The iterative process to deform the prone MR images to simulate the supine images. a the 3D FEM model constructed from the MR segmentation results. b the intermediate state between the original and the zero-gravity state. c the zero-gravity state. d: the intermediate state between the zero-gravity state and the inversed gravity loaded state. e the final inversed gravity loaded state. f-j the middle slice of 3D model corresponding to the states shown in (a-e)

Fig. 2

The deformation of MRI to match the US images in left breast of a 48-year-old woman for locating the corresponding stiffness ROI. a The middle slice of the original model constructed from the MR segmentation results. b The middle slice of the zero-gravity state. c The middle slice of the final inversed gravity loaded state. The box is corresponding to the ultrasound image. d The zoomed-in area to show the corresponding stiffness measurement ROI in the ultrasound elastography. e The ultrasound image with the selected ROI used for stiffness measurement

Fig. 3

The deformation of MRI to match the US images in right breast of a 42-year-old woman for locating the corresponding stiffness ROI. a The middle slice of the original model constructed from the MR segmentation results. b The middle slice of the zero-gravity state. c The middle slice of the final inversed gravity loaded state. The box is corresponding to the ultrasound image. d The zoomed-in area to show the corresponding stiffness measurement ROI in the ultrasound elastography. e The ultrasound image with the selected ROI used for stiffness measurement

Statistics

The Pearson’s correlation was applied to assess the association between US-measured breast stiffness and patients’ age, breast volume, whole breast percent density, and local percent density. Correlation coefficient r was used to indicate the degree of correlation between two parameters. No correlation was defined when r < 0.3. A weak correlation was defined when r ≥ 0.3, but less than 0.5. Moderate correlation was when r ≥ 0.5, but less than 0.7. A strong correlation was when r ≥ 0.7.

Results

Measured breast stiffness and breast density

The breast stiffness measured from the most dense retroareolar area in these 20 women ranged from to 1.0 to 4.2 (m/s), with the mean ± STD of 2.3 ± 0.8 (m/s). The breast volume of the 20 women ranged from 320.7cm3 to 880.3cm3 (mean ± STD, 584.4 ± 170.4 cm3), and the fibroglandular tissue volume ranged from 33.4cm3 to 161.4cm3 (mean ± STD, 72.7 ± 31.3 cm3). The percent breast density of the 20 women ranged from 5.0 to 28.4% (mean ± STD, 13.1 ± 5.8%).

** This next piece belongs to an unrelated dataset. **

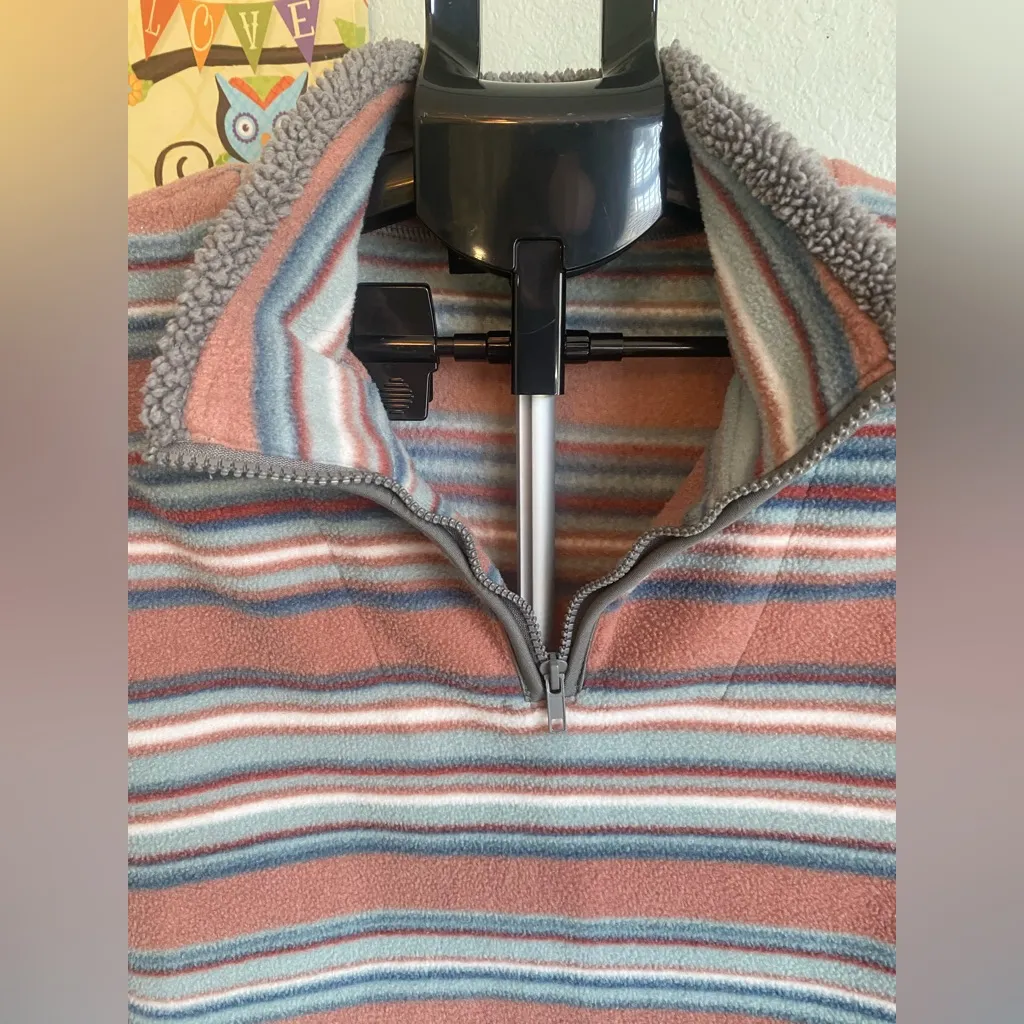 North River Outfitters Women's 1/4 Zip Sweater Striped Sherpa Hem Lined Medium Pink - Image 10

Reproducibility of breast stiffness measurement

To determine the reproducibility of the breast stiffness measures using US, the experienced US technician selected three to five ROIs at the different locations but comparable depth of the breast which showed dense tissue. In most of the patients, three locations were measured (on average, 1.41 cm vs. 1.44 cm vs. 1.48 cm). The coefficient of variation (CV) was used to analyze the consistency of the multiple measurements of the breast stiffness at different locations. On average, the CV across the 20 subjects was 12.7% (range 0.7–41.5%). Nine patients had CV below 10%, eight patients showed CV between 10 and 20%, and three patients had CV more than 20%. In this study, only the breast stiffness measured from the ROI showing the most dense breast tissue area in US was used to correlate with the breast density measurement from MRI.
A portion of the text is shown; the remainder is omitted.